5 notable exceptions to the rule that Fusion has access to the start of this pipeline are:

  1. Compound Clips (inherit timeline resolution at the moment created)

  2. Fusion Clips (inherit timeline resolution at the moment created) - these are the nested variety of Fusion “clips”

  3. Multicam Clips

  4. Super Scale

  5. Lens Corrections from Inspector to correct distortion


The Right Way to Zoom In

Since we only have access to the original pixel data in Fusion and the Inspector zoom controls when placed on a master clip, that is the solution!

  1. Click on a clip on the timeline and use the inspector zoom controls

  2. Create a Fusion composition by placing the playhead over the clip and clicking the fusion page button and use the transform tool.

  3. Create a Fusion referenced composition by right click on the clip and using a transform tool.


Wrong Ways to Zoom

The most common “wrong way” to zoom into an image I have done for a long time was to use an adjustment clip and change the inspector transform zoom parameters on that. This was a common way to add effects in Premiere and Avid. The issue is that adjustment clips are always locked to the timeline resolution. So, if you scale an adjustment clip to x10, you are just scaling up the result of the timeline to x10. There is a workaround if you have a single layer of video, which is to compound clip the adjustment layer, and the footage gets the full quality of the original pixel data. This can be useful if you want to scale smoothly across multiple photographs.

Compound clips can also be a point of confusion or frustration when enlarging footage on a timeline. At the moment a compound clip is created, it takes on the current timeline resolution. If the footage inside the compound clip is a single layer of footage, or just footage with and adjustment clip on top - you’re fine. But the moment you stack a 2nd layer of pixels in the compound clip, it’s fully rasterized and you will lose the detail zooming in on the low resolution compound clip.

One annoying, but possible workflow option is to change your timeline resolution to the full size original footage resolution before creating the compound clip.

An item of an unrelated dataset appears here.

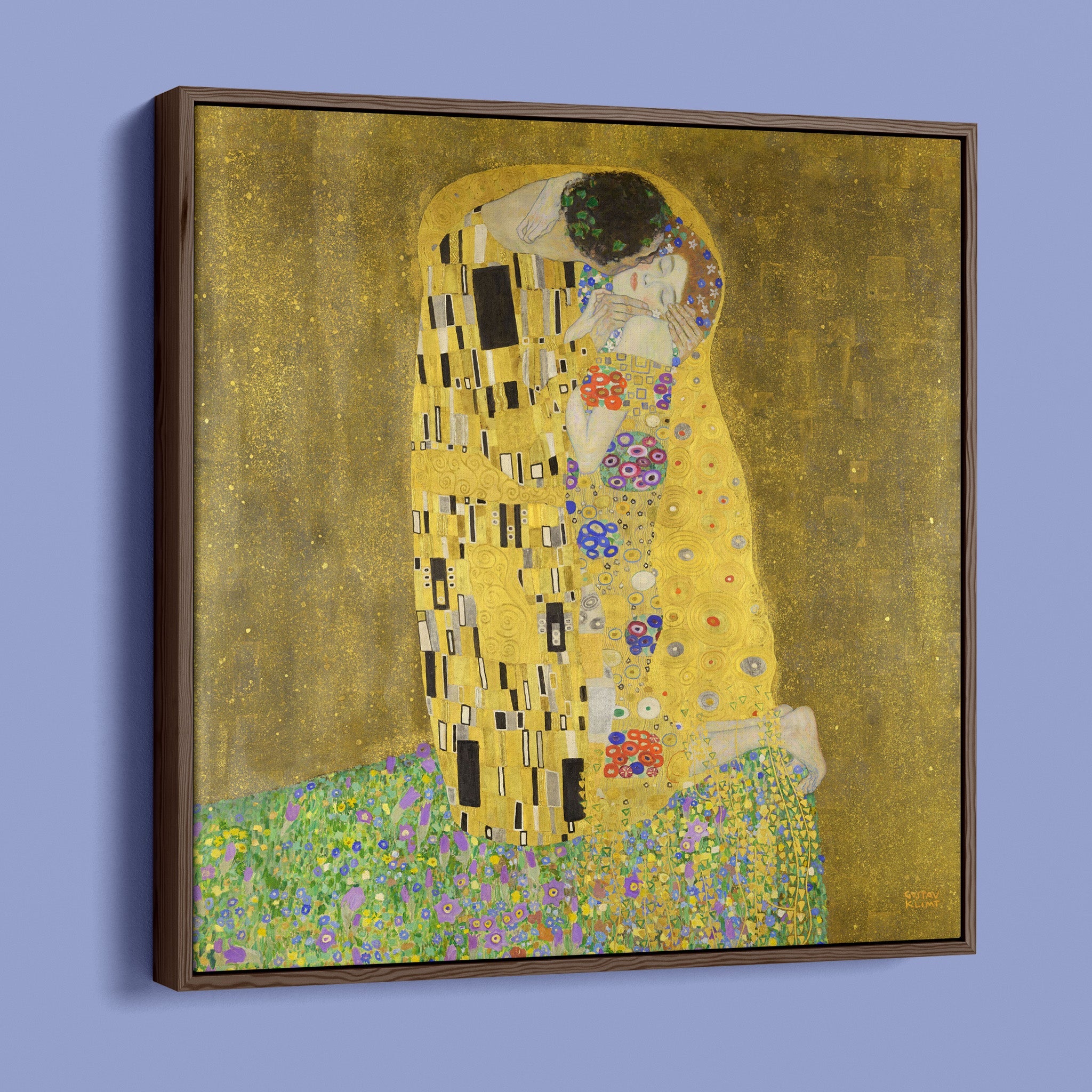 The Kiss by Gustav Klimt - Extended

The last couple of methods that lock you into the timeline resolution are any edit page effects and presets because they all act after the timeline resolution has been set. I still love and use Magic Zoom from Mr. Alex Tech, but it’s essential to understand that you are locked into the timeline resolution. If your footage matches your timeline resolution, this won’t matter at all, but when you start using much higher-resolution elements than the timeline, you will lose detail.